Manufacturing – Manufacturing has been one of the bright spots in the economy. However, orders for manufacturers have fallen for the last two months and factory output fell in May.
Europe – Europe is clearly in deep trouble. They have massive debt, and some countries like Spain and Greece are seeing much higher borrowing rates. The entire EU is going to be in recession for some time. Much of the money in the EU has left and been invested in the dollar via treasuries. The EU is not going to be a consumer of US goods and services. This has an overall dampening effect on our exports and GDP. Translation – we are going to be selling less stuff to other countries.
Fed Policy – The Fed has already pulled a lot of levers and used a lot of tools. They are likely to engage in some more quantitative easing (QE). However, we know from prior QEs here and in Europe, each subsequent round of printing has a lesser impact or effectiveness. Fed policy can dampen inflation when the economy overheats and lift borrowing and home sales a bit when it falters, but it can’t instigate faster growth when the President and Congress fail to address chronic problems.
Government Policy and Inaction – Demand for U.S. products is being diminished by large trade deficits on oil and consumer goods with China. The President warned China that the US would take action if the Chinese did not abandon the cheap yuan policy. The president has not taken action.
Additionally, the President and Congress, have placed insane restrictions and bans on drilling in the Gulf, off the Atlantic and Pacific Coasts, and in Alaska are reducing U.S. production 4 million barrels a day and doubling imports.
At the end of the day Fed policy can’t compensate for these government missteps.

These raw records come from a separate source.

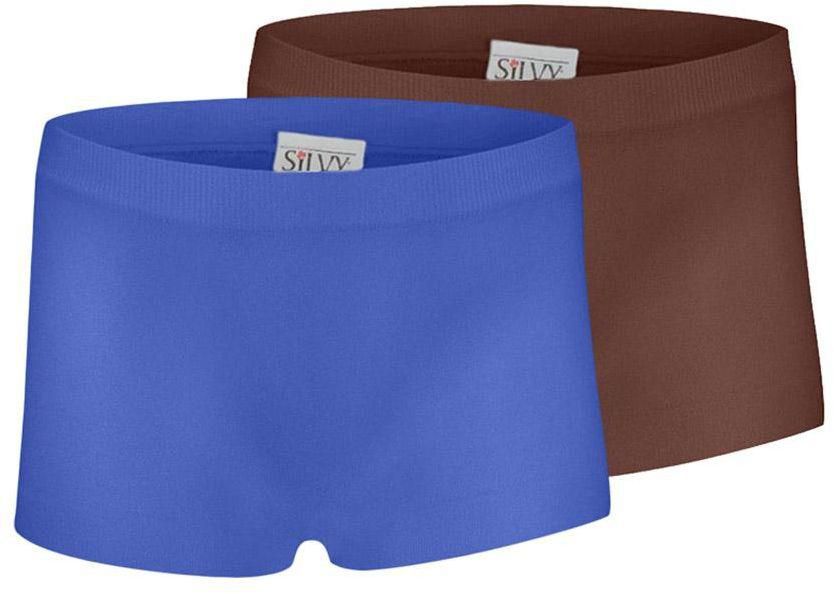 Silvy Set Of 2 Casual Shorts For Girls - Blue Brown, 12 - 14 Years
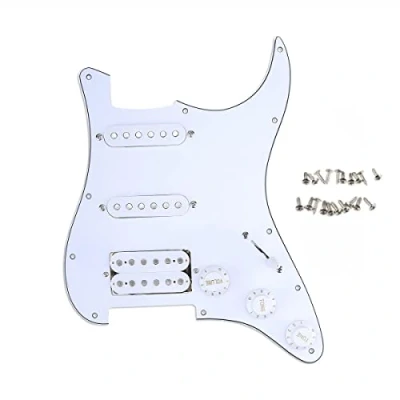 Abbildung von Musiclily 11 Hole HSS Prewired Schlagbrett ST Loaded Pickguard mit Single Coil Humbucker Tonabnehmer Set für Strat style E Gitarre, 3 lagig Weiß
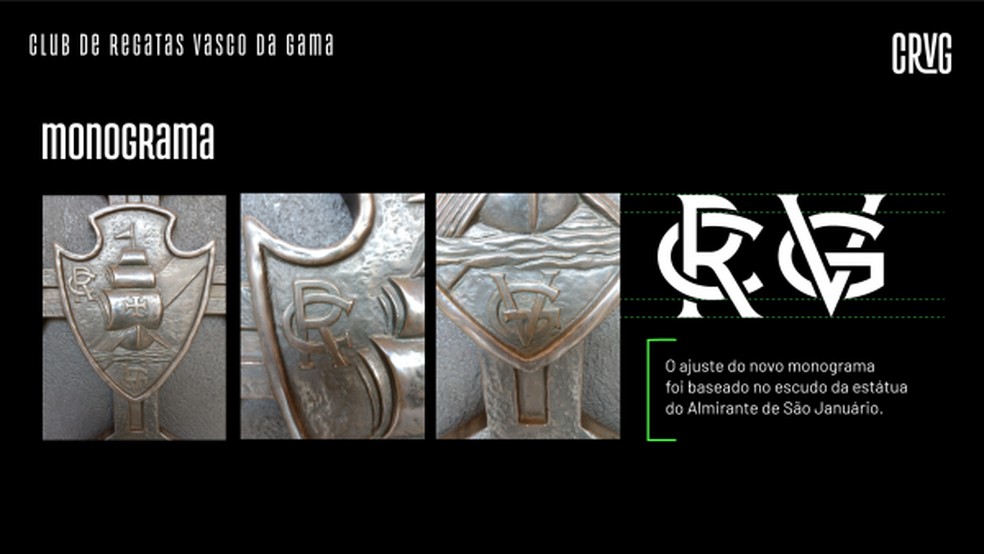 Monogramas CR e VG inspirados na esttua de Vasco da Gama  Foto: Divulgao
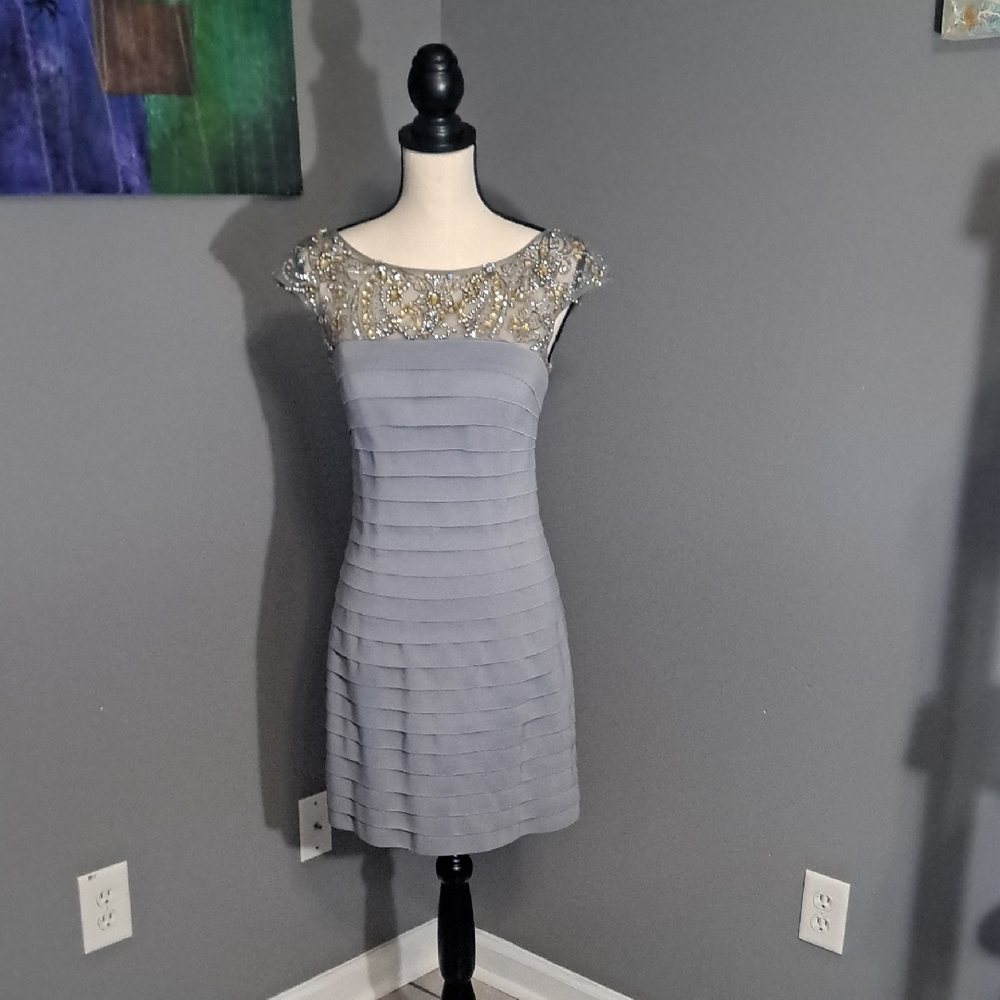 Sherri Hill Vintage Gray Bandage Dress with Gold Accents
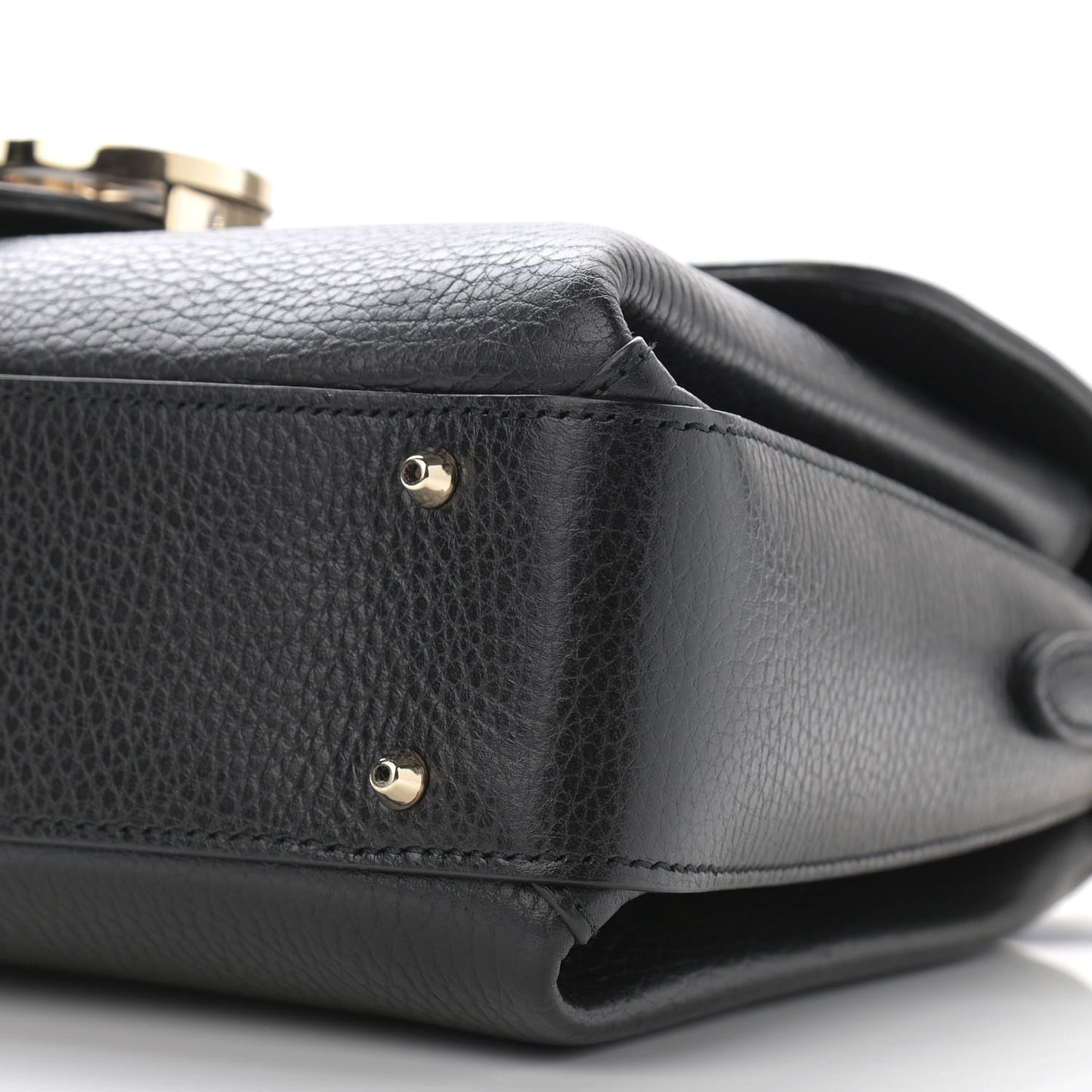 Dollar Calfskin Interlocking G Top Handle Shoulder Bag Black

Other Economic Reforms – Most of the new rules and provisions for reform such as Dodd-Frank are in place. These supposed reforms have allowed the biggest banks to control 60 percent of U.S. bank deposits. Wall Street banks continue to run gamble, but won’t gamble on loans to regional banks or small and medium sized businesses. The interpretation is that trading securities creates millions in salaries and bonuses, but traditional lending does not. This is one reason that more fed printing or QE will not work. All of that money ends up sitting in the banks and not in the hands of the consumer.
The US is looking too much like Greece and Spain. These are economically dangerous contemporaries. The markets may like thinking or actually hearing of new Fed QE action. However, it not likely to do anything.
So, we are still calling for people to keep some portion of their self directed IRAs invested in hard assets such as precious metals and real estate. Because at the end of the day, we are not going to be able to rely on the government, the Fed and the Banks to help us build and protect our retirement portfolios.
As always, consult with your financial or tax advisor before making investment decisions with your self directed IRA.